Here's an excerpt from the letter Mohamed received from the DHS that arrived with his redress number:
The U.S. Government has completed our review of your case. Your experience was most likely caused by a misidentification against a government record by random selection. We regret any inconvenience that you may have experienced and, where appropriate, have made updates to our records that may assist in avoiding future incident of misidentification.
But "future incident of misidentification" did occur: In October, Mohamed was mysteriously delayed when he tried to fly to New York City but was able to make his original flight. However, earlier this month he was again delayed for hours at the check-in desk and missed his flight. The redress number provided by DHS didn't seem to make any difference.
"It's frustrating," says Mohamed, who escaped war-torn Ethiopia with his family as a child in the early '90s. "I've lived in the States for almost 24 years now. I'm a U.S. citizen, I'm educated here, I graduated high school, college, law school. I've gone through the scrutiny of the state bar."
"The only explanation I have," he concludes, "is that it is based on your name and national origin. There is no system, it's just a bucket."
Hina Shamsi, director of the ACLU's National Security Project, says that problems such as Mohamed's are common. The government's watch list potentially includes millions of people.
To be clear, Shamsi says that Mohamed doesn't appear to have been placed on the FBI's no-fly list, since he was, in fact, allowed to fly. Rather, she says that he's probably been put on a list for secondary screening.
"The major problem with the watch list is that it's huge," she says. "The potential placement on the system is very broad and very vague, and trying get yourself off that system is a very frustrating process for many people."
Shamsi says that many citizens like Mohamed don't know if they will be significantly delayed the next time they visit the airport, redress number or not.

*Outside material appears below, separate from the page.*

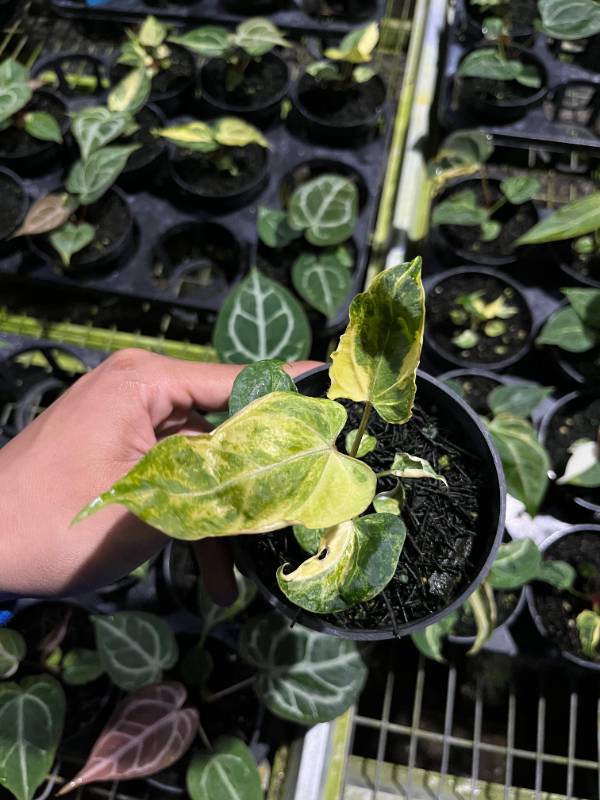 Антуриум AA08 Anthurium Papillilaminum x Portillae Indo variegated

The system is a mess, basically. Here's another excerpt from the letter Mohamed received from the DHS Traveler Redress Inquiry Program.
We have found less than 1% of [complainants] actually have some connection to the Terrorism Watchlist. Complaints most often arise either because the traveler's name and personal information is similar to the name and personal information of another person...

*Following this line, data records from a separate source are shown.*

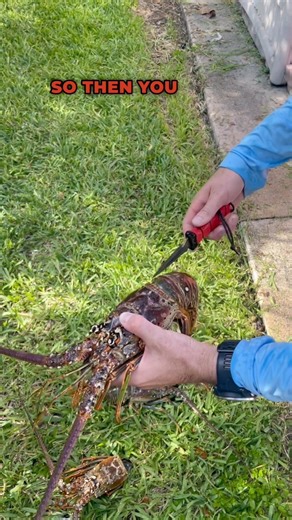 What’s your go-to method for cleaning lobster? 🦞🤔 Over the years, we’ve learned there is no “right way” because everyone removes lobster tails differently! Here, we’re using our BUBBA dive knife to kill the lobster first 🔪🦞, then separate the meat from the carapace before twisting the tail off and tossing it in a saltwater brine! #filletfriday | Spearchannel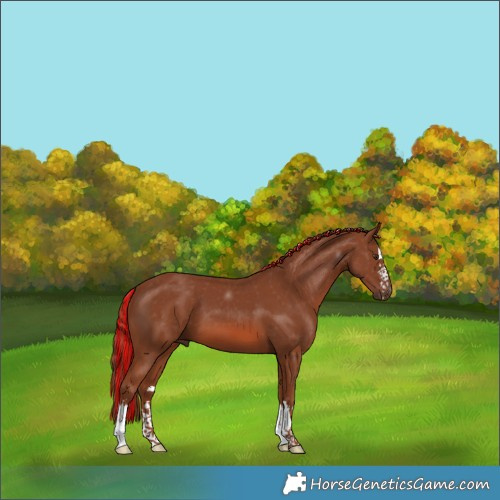 Horse Color:Painted Chestnut 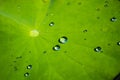 Lotus leaf with water drop Royalty Free Stock Photo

It remains unclear why Mohamed was placed on the watch list, and Shamsi notes that Mohamed's connection to the FBI investigation could be pure coincidence.

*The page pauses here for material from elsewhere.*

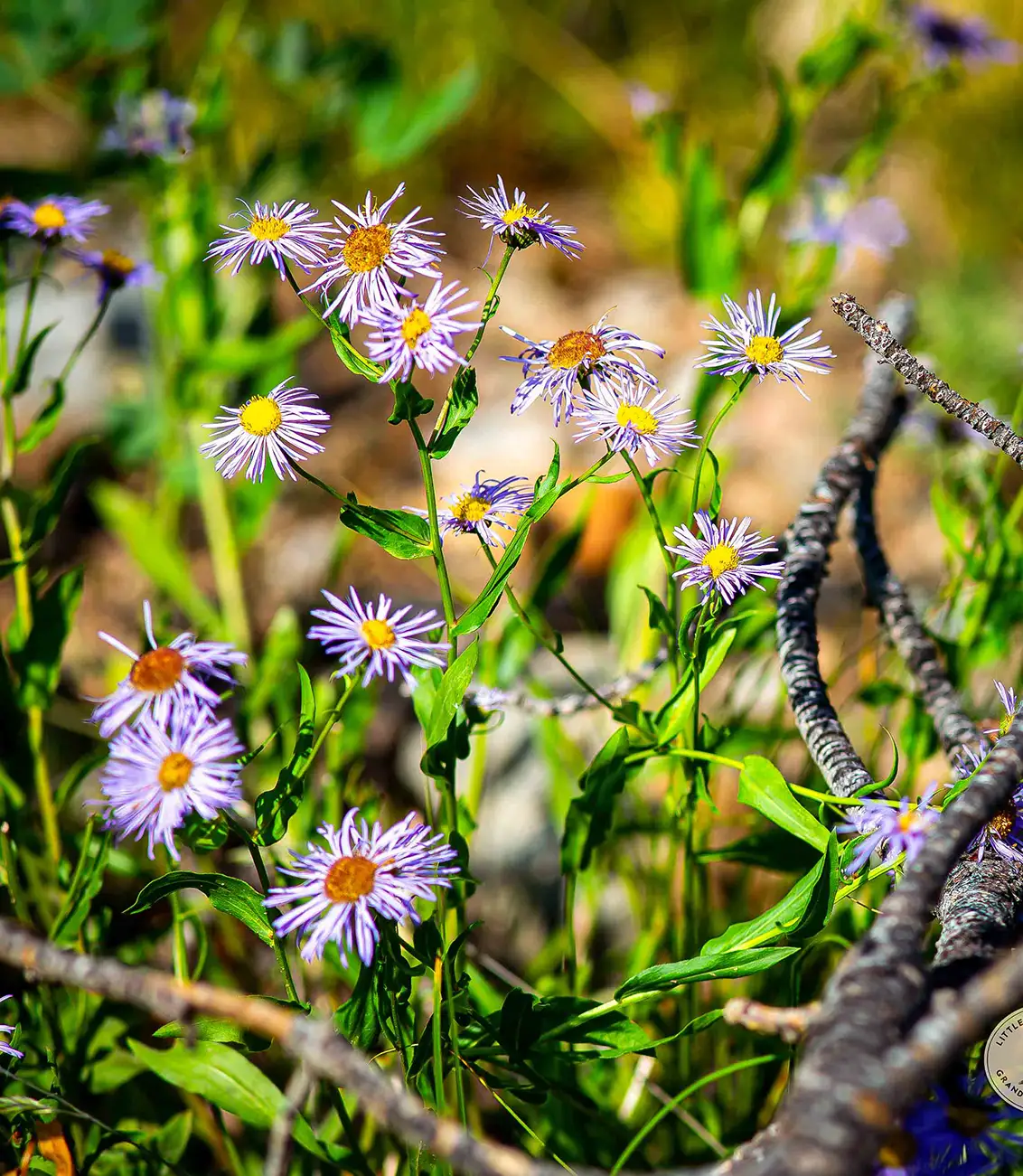 Asters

Daily RFT reached out to the FBI, and an official with the Terrorist Screening Center provided this statement:
The Terrorist Screening Center does not comment on individual cases and does not disclose who is on the watchlist due to security concerns. If such information was disclosed, terrorists could possibly identify ways to elude security measures that have been put in place to protect the American people. Individuals who believe they may have been misidentified can seek redress through the DHS Traveler Redress Inquiry Program.